- [The task]: Images should not appear in the copy, yet every line of the listing below must be printed exactly.

▽

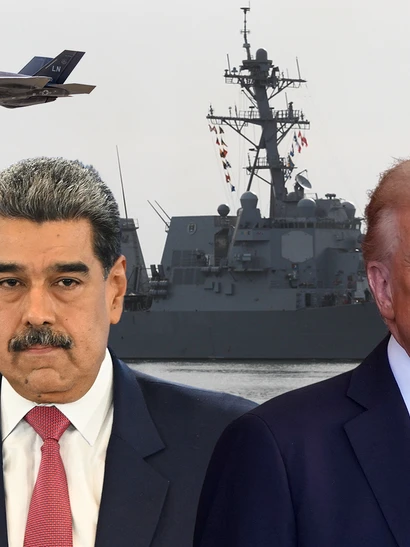 [Video] Tổng thống Mỹ D. Trump tuyên bố đóng cửa không phận Venezuela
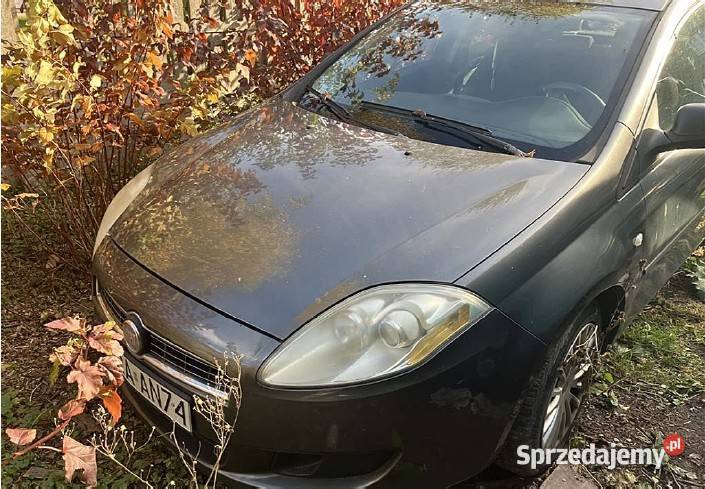 Fiat Bravo sprzedaż syndyka Częstochowa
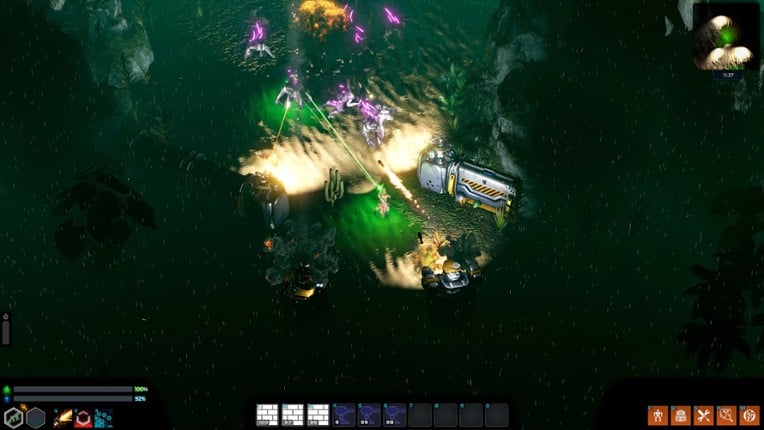 Interlayer screenshot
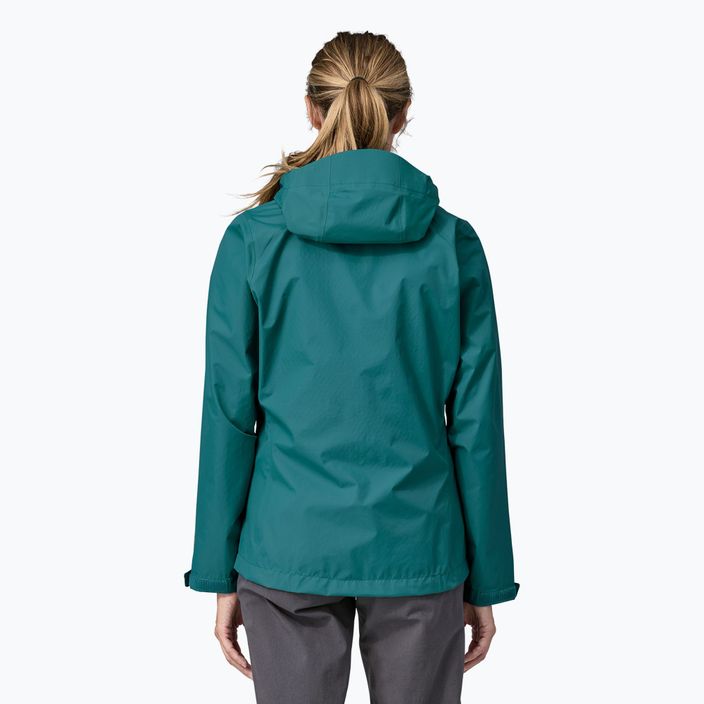 Жіноча дощова куртка Patagonia Torrentshell 3L 2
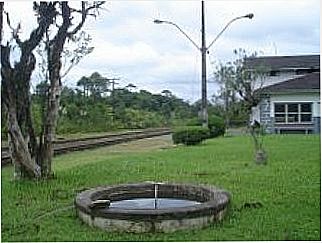 cidade de Banhado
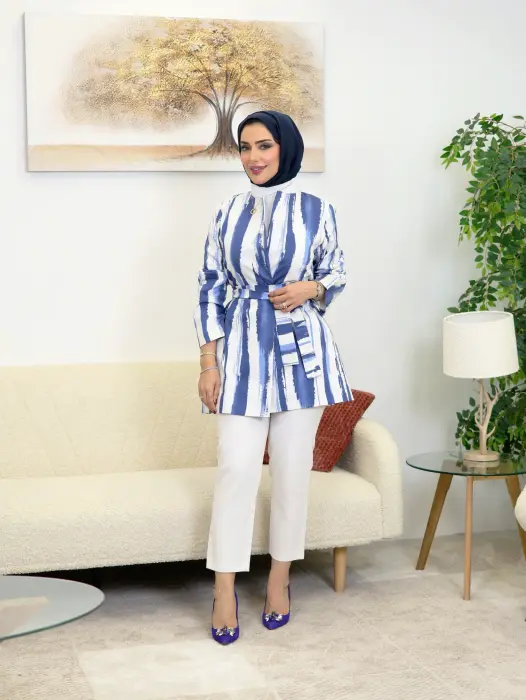 جاكيت عصري من الكفردين image 0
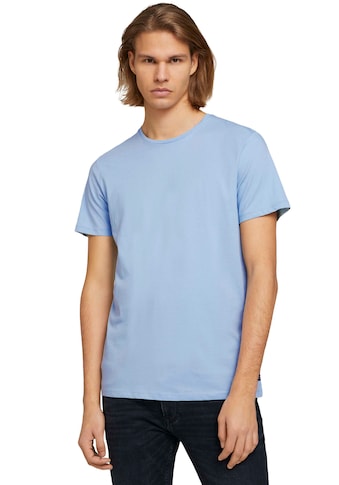 TOM TAILOR Denim T-Shirt, mit Rundhals kaufen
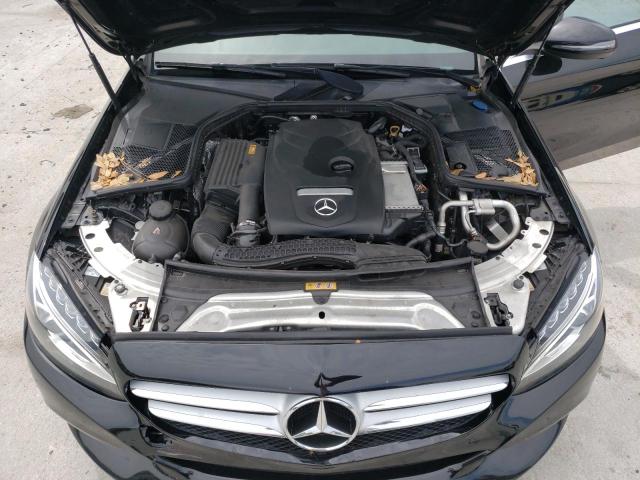 55SWF4JB8JU271261 2018 MERCEDES-BENZ C-CLASS, photo no. 7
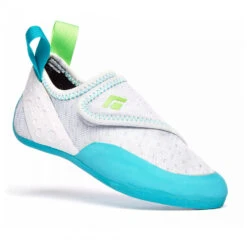 Black Diamond - Kid's Momentum - Climbing Shoes -Cragforce Climb Shop black diamond kids momentum climbing shoes 1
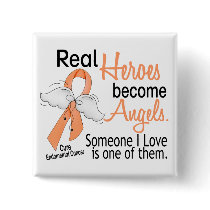 Heroes Become Angels Endometrial Cancer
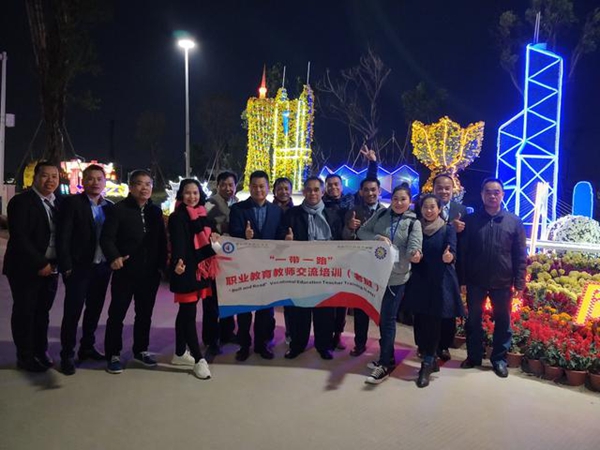 老挝职业技术学院,老挝职业技术学校有哪些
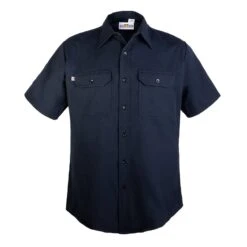 Flying Cross Cross FR Short Sleeve Station Shirt.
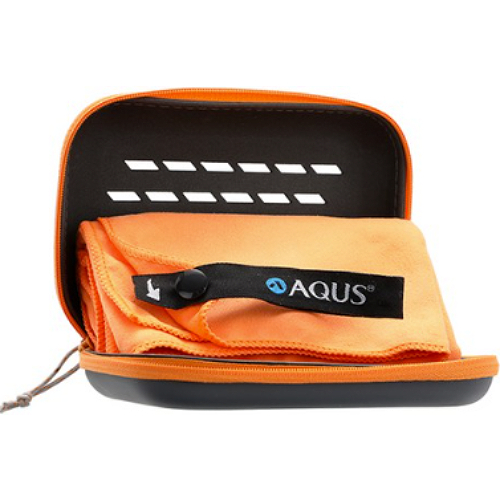 아쿠아솔루션 아쿠스 건식 극세사 스포츠타올 AQST-0026_이미지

△

- [Output of the exercise]:
 [Video] Tổng thống Mỹ D. Trump tuyên bố đóng cửa không phận Venezuela
 Fiat Bravo sprzedaż syndyka Częstochowa
 Interlayer screenshot
 Жіноча дощова куртка Patagonia Torrentshell 3L 2
 cidade de Banhado
 جاكيت عصري من الكفردين image 0
 TOM TAILOR Denim T-Shirt, mit Rundhals kaufen
 55SWF4JB8JU271261 2018 MERCEDES-BENZ C-CLASS, photo no. 7
 Black Diamond - Kid's Momentum - Climbing Shoes -Cragforce Climb Shop black diamond kids momentum climbing shoes 1
 Heroes Become Angels Endometrial Cancer
 老挝职业技术学院,老挝职业技术学校有哪些
 Flying Cross Cross FR Short Sleeve Station Shirt.
 아쿠아솔루션 아쿠스 건식 극세사 스포츠타올 AQST-0026_이미지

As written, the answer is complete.